Parece una labor titánica programar todo un universo paso a paso, pero no es necesario ser tan intervencionista: solo habría que establecer un estado inicial y unas pocas y simples reglas básicas para que evolucione (si ello fuera posible, tal como apunté dos párrafos atrás, ya que habría que comprimir una ingente cantidad de matería-energía en un punto microscópico). Dicho de otro modo, no hace falta computar la complejidad: esta emerge luego por añadidura, fruto de la simplicidad. Pongamos que disponemos de un catálogo infinito de universos en el Multiverso, una lista fija en la que la vida inteligente solo aparece en un número relativamente muy pequeño de universos (una cifra que, no obstante, seguiría siendo infinita). Reproduciendo su estado inicial y sus reglas, un determinado universo podría ser alumbrado una y otra vez. Carecería de sentido hablar de universos reales y simulados porque no habría diferencia alguna entre ellos: como no la hay entre un electrón producido naturalmente (por ejemplo, en una desintegración radiactiva o en el choque de un rayo cósmico con la atmósfera terrestre) y otro generado artificialmente en un acelerador de partículas. En cualquier caso, real o simulado, todo universo tendría que ser computable (en el Multiverso habría pues un conjunto de universos no computables que, debido precisamente a este rasgo, jamás llegarían a ser sustanciados físicamente: entre ellos figuran los que el físico israelí David Deutsch -autor de La estructura de la realidad- llama entornos CantGoTu, en homenaje a Cantor, Gödel y Turing). La principal dificultad estribaría en determinar cuáles son los sencillos parámetros exactos del universo concreto que queremos replicar.

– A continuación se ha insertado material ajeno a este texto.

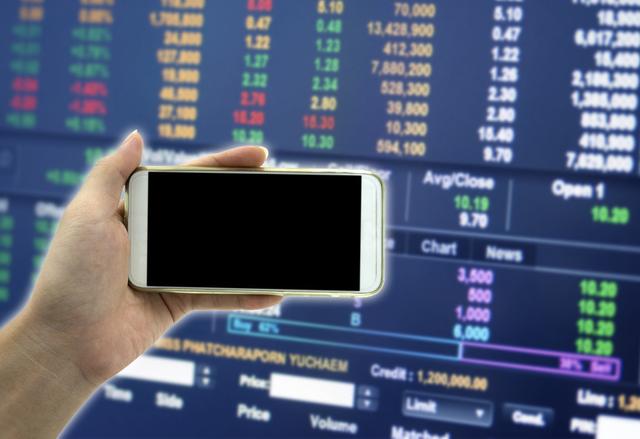 为什么移动互联网这些高科技领域，创业到一定阶段，就要站队了？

El experto en ciencias de la computación Jürgen Schmidhuber apunta que sería más fácil programar un ordenador para producir todos los posibles universos computables que programarlo para irlos creando uno a uno (lo cuenta Brian Greene en La realidad oculta: Universos paralelos y las profundas leyes del Cosmos). Cada universo concreto por separado requeriría especificar previamente en el ordenador una cantidad enorme de datos, para a través de un complejo proceso de cálculo intentar extraer de la inmensa duna del espacio de fases el diminuto grano de arena correspondiente al estado inicial y reglas de ese particular universo y no de cualquier otro. La alternativa sería dejar que se ejecutase un programa maestro que incluyera todas las posibles variables: más tarde o más temprano aparecerían todos los universos posibles, entre ellos el o los deseados por el programador.

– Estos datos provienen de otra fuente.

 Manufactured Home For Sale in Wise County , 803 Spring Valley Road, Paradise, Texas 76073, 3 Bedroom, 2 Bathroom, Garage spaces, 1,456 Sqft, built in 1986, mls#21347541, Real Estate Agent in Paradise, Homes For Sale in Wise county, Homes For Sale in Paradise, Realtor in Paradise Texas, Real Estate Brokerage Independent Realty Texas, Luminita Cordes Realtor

He de reconocer que una seria objeción a la posibilidad de estar viviendo en una simulación es que hay detalles de nuestro universo que no se explicarían, por ser innecesarios, si se tratase de una simulación: esta parece, contra toda lógica, demasiado perfecta y costosa. Pero esta pega se desvanece si no hubiese distinción entre universos reales y simulados. Quizá todo sea necesario en un universo y no haya lugar para la contingencia. No es contigente que yo me apellide Fabelo y esté ahora tecleando esto en mi portátil, ni lo es que el teclado exhiba ahora mismo una mota de polvo sobre la letra J: de otro modo, no sería el yo de este universo. En un universo simulado todo sería también necesario, desde un cuásar a una brizna de hierba pasando por un golazo de Tana con la Unión Deportiva La Palmas en el Santiago Bernabéu.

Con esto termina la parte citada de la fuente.